To do – Exactly and only the lines below from the one containing "75 yaşındaki Fatma" down to the one containing "Dr Vidal Vanaclocha" are wanted, both included; please exclude every picture.

Provided records –

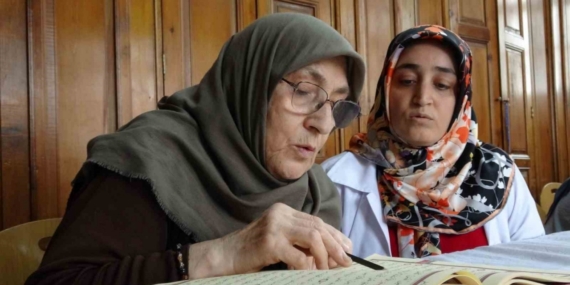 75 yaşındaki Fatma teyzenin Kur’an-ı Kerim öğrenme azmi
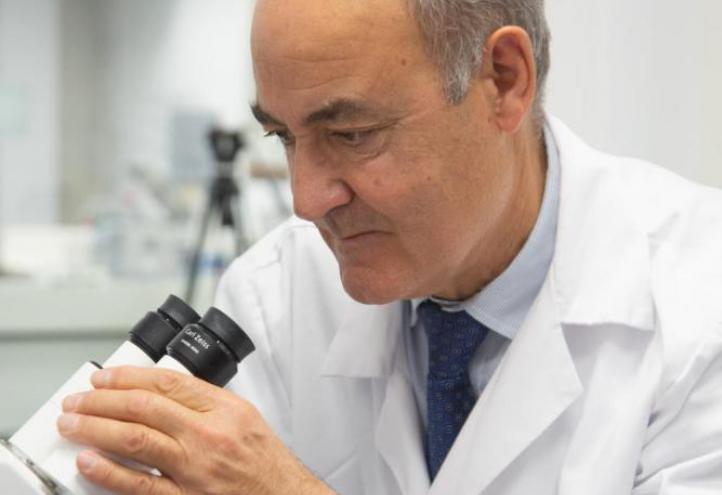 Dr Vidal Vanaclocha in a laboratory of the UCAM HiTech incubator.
==
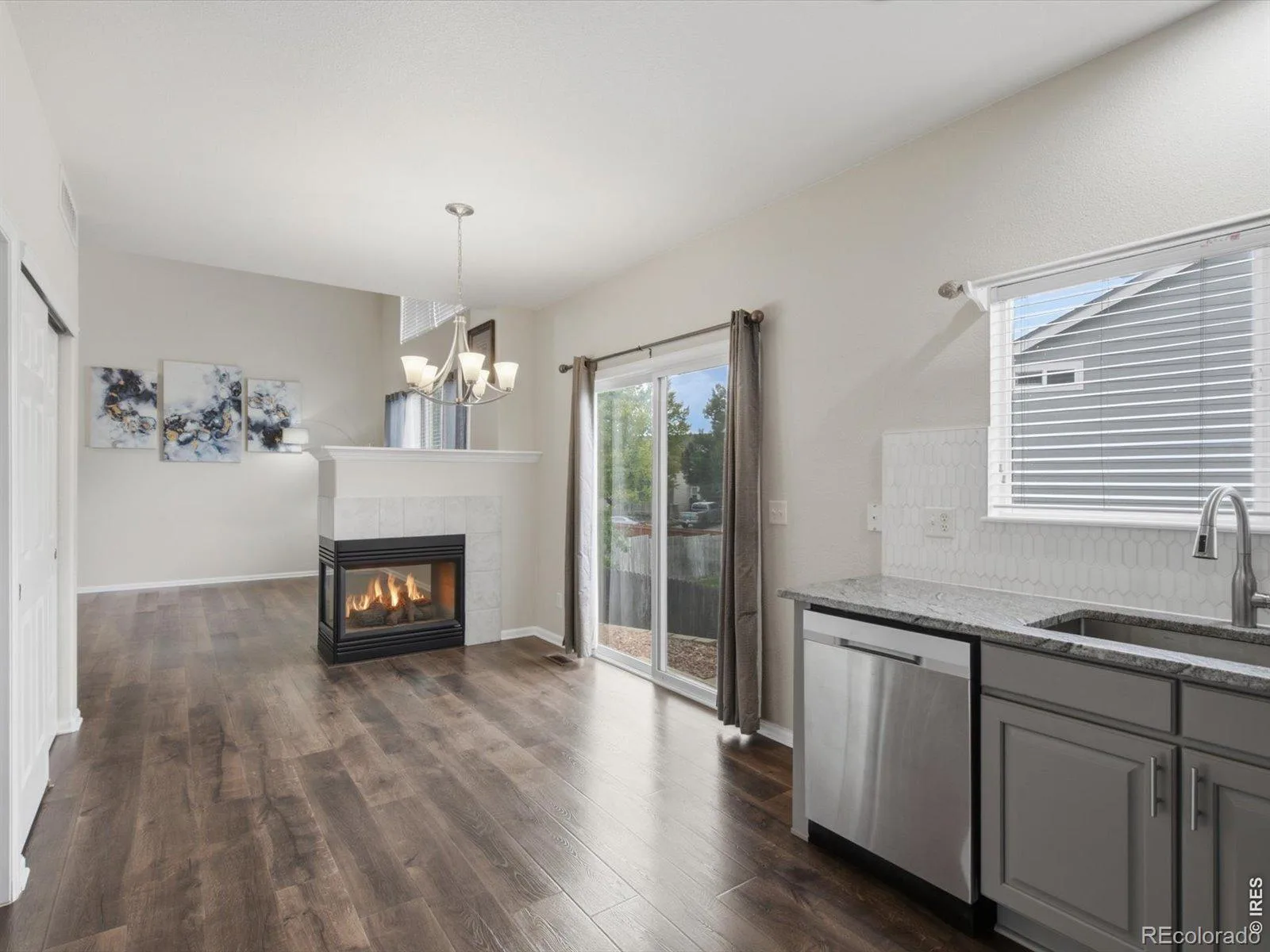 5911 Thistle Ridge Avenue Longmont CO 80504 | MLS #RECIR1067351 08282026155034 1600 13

Task result –
 75 yaşındaki Fatma teyzenin Kur’an-ı Kerim öğrenme azmi
 Dr Vidal Vanaclocha in a laboratory of the UCAM HiTech incubator.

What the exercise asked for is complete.